Could this be a clue to resolving the aforementioned discontentment? If we paddle out into the storm of our vocation invincible, seeking a safe, static perfection, it seems doubtful that we will ever be present enough to really share and enjoy something “real” in our times of “aloneness” and in our times of “togetherness.” We will be too busy trying to gauge our successes and failures “think” our way to a destination we have predetermined is the one for us.

The general ethics of professional practice, codes of conduct, and our personal expectations and training in Child and Youth Care – though very necessary – may lead us to believe that this “perfection” can be achieved and that we will all arrive unscathed, finally able to relax. No matter how subtle, belief in this type of perfection now seems to me about as feasible as our team finding a fool-proof system to balance the petty cash box or ensuring that every resident will perceive that they were served the same size pork chop. I seriously believe that there is a connection between our getting caught up in just trying to make things “safer” and more predictable AND the fact that our work can quickly become sterile, our relationships “dependent”, strained and fake “nothing more than workable compromises between our professional ideals and the reality of our confused, fragmented selves.

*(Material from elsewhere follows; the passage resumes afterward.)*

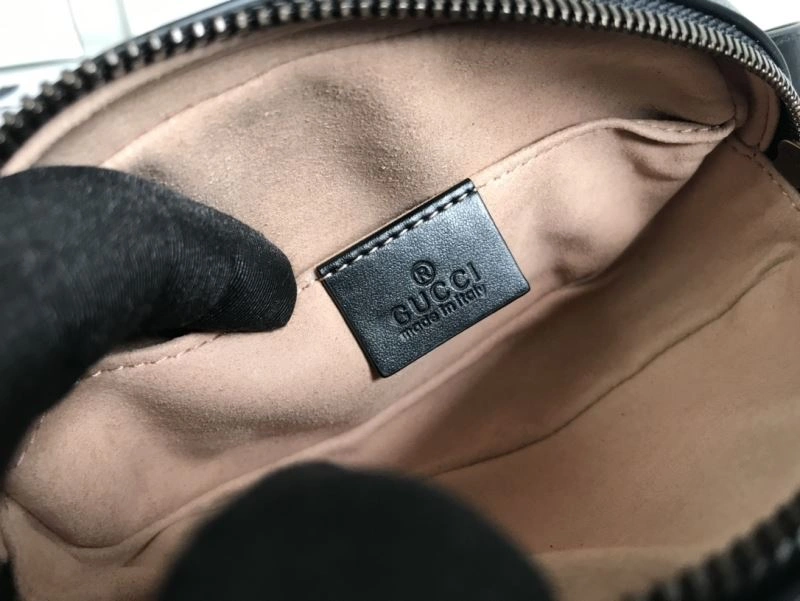 Youthful Gucci Satchel Bags 77665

So it is with gracious vulnerability that I believe I need to proceed; focusing more on learning to respond well to the imbalances in myself and in my environment, rather than merely striving to eliminate them once and for all. Such an approach may take us out of the frantic expectations and fears of the reflective mind, and into the whole “body” of who we are as humans. As vulnerable “selves” we might become pure potential, more able to forgive (ourselves and others), and therefore, prepared to listen and respond creativity to what is occurring around us. We may be enabled to transform our “doing” and “thinking” into “Being”. Perhaps, like the surfer, we can come to enjoy this process, and as spiritual beings (i.e., whole selves) become more contented and connected “"incarnate" as it were, within a complex ocean of relations.